Often summer this year felt like I was stepping into an early grave, like some Middle aged asshole had opened the gates to the future with a warm spit in the face. A future full of responsibilities, debt and chores.
“Soz, off to Paris to do some work” became a copy n paste type text to the few people who wanted to see me in London. I felt smug. And why wouldn’t I, with “some work” begging the question of “what is she up to?” “What hasn’t she done?” and so on.
However this was all bravado glazing over the poo coloured doughnut of a job I was really about to do. It was sitting a dog, a French dog, (which made me feel slightly more cultured and interesting) but the feeling of inadequacy was still present. Her name was Bisou and I fell in love with her the minute we locked eyes.

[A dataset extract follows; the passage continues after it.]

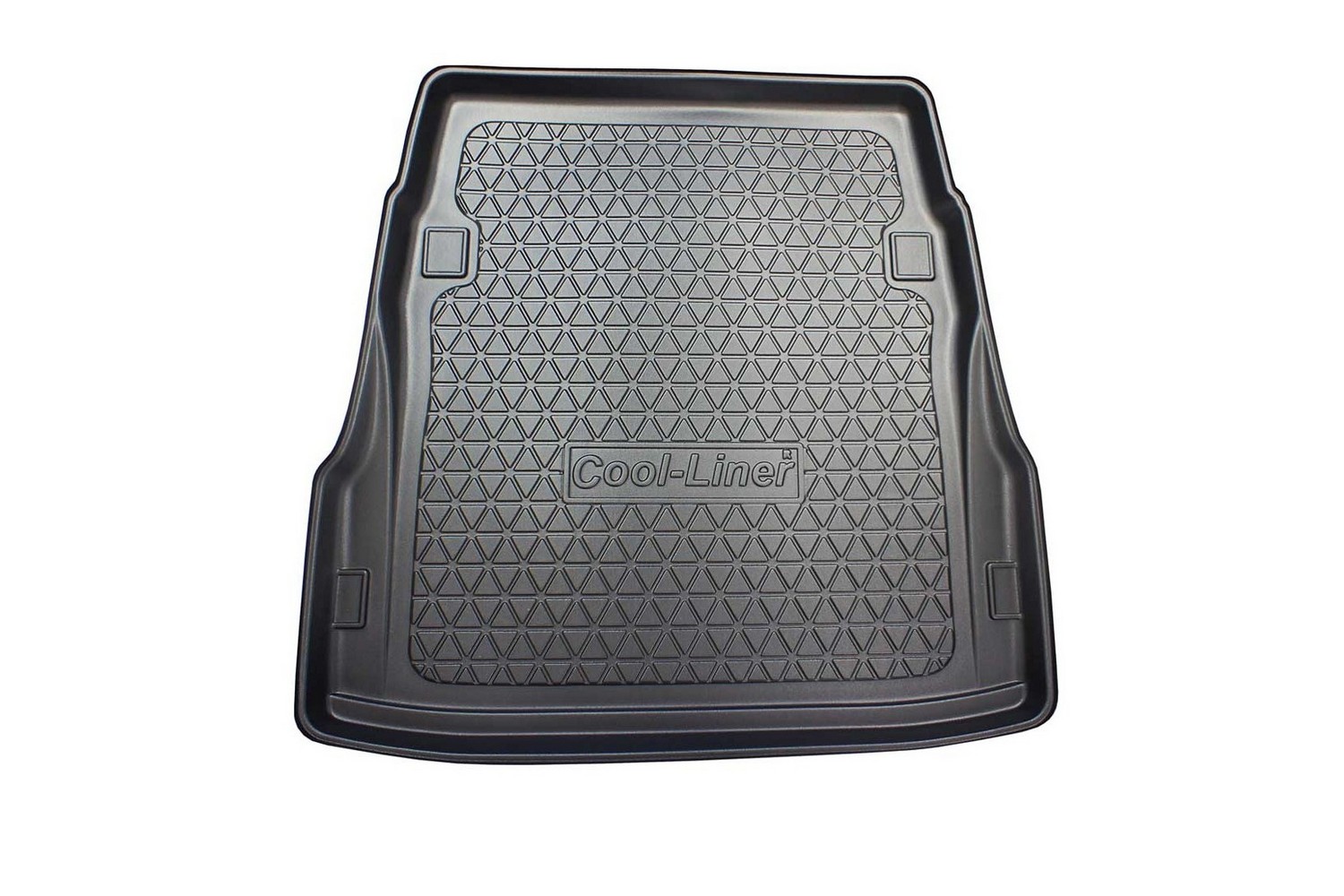 Boot mat suitable for Mercedes-Benz S-Class (W222) 2013-2020 4-door saloon Cool Liner anti slip PE/TPE rubber Boot mat suitable for Mercedes-Benz S-Class (W222) 2013-2020 4-door saloon Cool Liner anti slip PE/TPE rubber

At the beginning she had taken a strong liking to my Mom, who already has more admirers than me. To say I felt pretty neglected is an understatement. Consequently, I sat sulking, arms crossed and all. Once I got Bisou’s attention I would wave a dog treat in the air, as if to say ‘Think twice next time’.
The mornings started off the same; being woken up at 8am reluctantly to walk the dog. Being an ‘it girl’ means playing relevant music, so on our walks I would play Usher ‘Caught Up’ and Mims ‘This Is Why I’m Hot’.
I found listening to this music and imagining Bisou and I as the music video far too amusing.
Bisou would watch documentaries with me and bark at the screen. She’d also sometimes lick my face which made me feel..loved or whatever.
Then five days later she was taken back to her home. Not even a slow motion head turn from her. Nothing. Just a half-assed bark and tail wag. Nice one Bisou.